WLCG Operations Coordination Minutes, March 2, 2023
Highlights
Agenda
https://indico.cern.ch/event/1259089/
Attendance
- local:
- remote: David B (IN2P3-CC), David Cameron (ATLAS), Stephan (CMS), Borja (WLCG Monitoring), David Cohen (IL T2 sites), Andrea (TRIUMF), David Mason (FNAL), Eric (IN2P3), Panos (WLCG), Adrian Coveney (APEL), Federico Stagni (LHCb), Domenico Giordano (WLCG benchmarking), Gonzalo (WLCG benchmarking), Giuseppe Bagliesi (CMS), Matthew Steve Dodge (EGI), David South (ATLAS), Marian Babic (WLCG networks), Stefano Dal Pra (CNAF), Christoph Wissing (DOMA, CMS), Alessandra Forti (ATLAS, UK T2s), Max Fischer (KIT), Thomas Hartmann (DESY), Natalia (WLCG), Julia (WLCG)
- apologies:
Operations News
Special topics
Readiness for switching to a new benchmark
Discussion after presentation of Domenico and Gonzalo
- For how long we intend to keep benchmark?
Domenico:The expectation is to keep proposed configuration as long as possible. Similarly to HS06 , 23 is a tag, no HEPScore24 is expected. Necessary changes will be discussed and approved by MB.
- Thomas mentioned that for the new HW the HEPScore and HEPSPEC give almost the same result, while for the old hardware HEPScore is lower than HEPSCPEC. Is it expected?
Domenico: Yes . Expected and understood. This was the reason why re-benchmarking of the old resources is not recommended
- Stefano: Can we report two benchmarks?
Julia: The specification does allow to report two benchmarks for the same resource in the dictionary of the normalized records , though APEL will consume only one for the time being. If two are reported, APEL will consume HEPScore.

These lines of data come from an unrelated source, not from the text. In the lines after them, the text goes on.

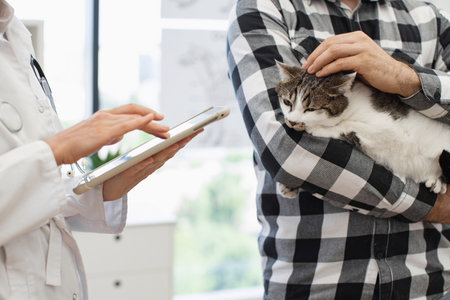 Veterinarian using tablet to explain medical history or prescription to man holding cat. Image shows assistance, animal care, and interaction with advanced technologyの写真素材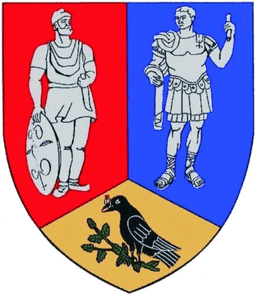 Stema Județului Hunedoara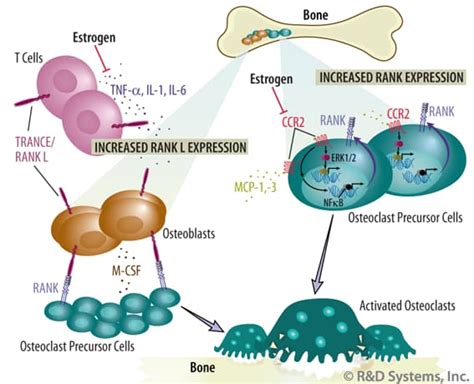 Proinflammatory Cytokines & CCR2 Promote Estrogen-deficient Bone Loss ...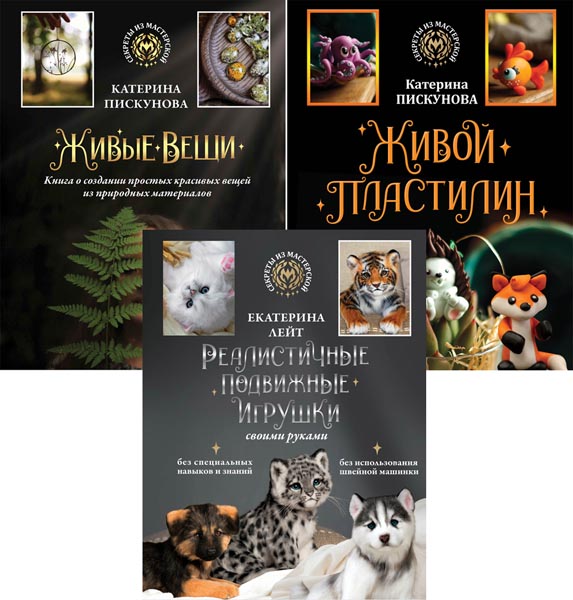 Секреты из мастерской. Сборник книг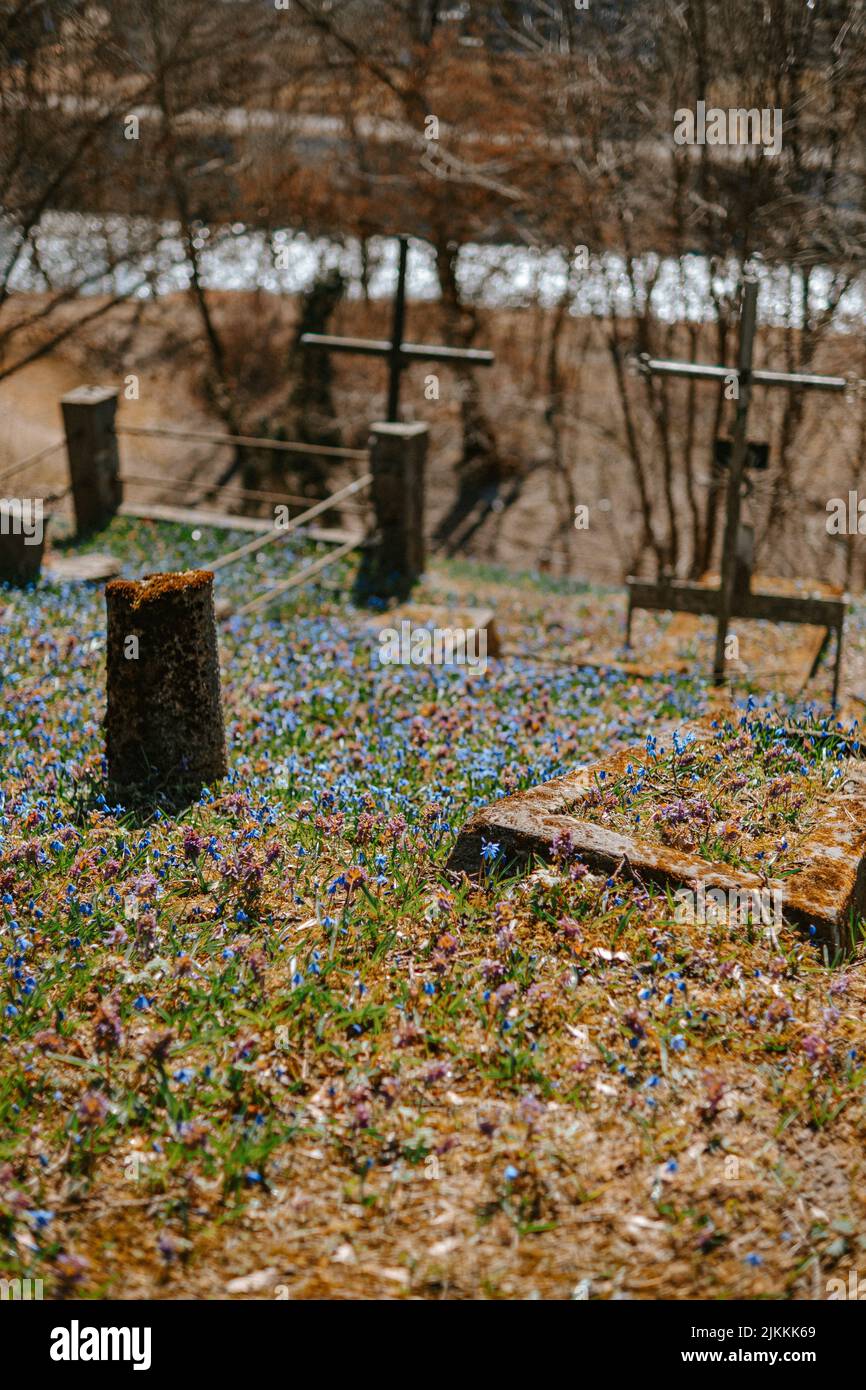 A beautiful view of wild blue flowers near cemetery Stock Photo - Alamy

- Thomas H. : Puppet configuration for the benchmark is needed for the site.
Domenico: It already exists at CERN. Will help other sites with it.
- Domenico: We would like benchmarking results to be reported to the central repository at CERN. For this the site needs to be authenticated to CERN message queue (MQ). Can work with host certificate, DN has to be communicated to the support team of the MQ at CERN.
- Token authentication is not enabled yet for message queue at CERN, some development would be needed.
- Julia: Do we need to broadcast to the sites the call for validation of the benchmarking suite during this month?
- Domenico
- Yes, it is needed.
Discussion after presentation of Julia and Adrian
- Adrian: APEL client won't be ready for the 1st of APRIL.
- Julia
- What is the time line for new version of APEL client?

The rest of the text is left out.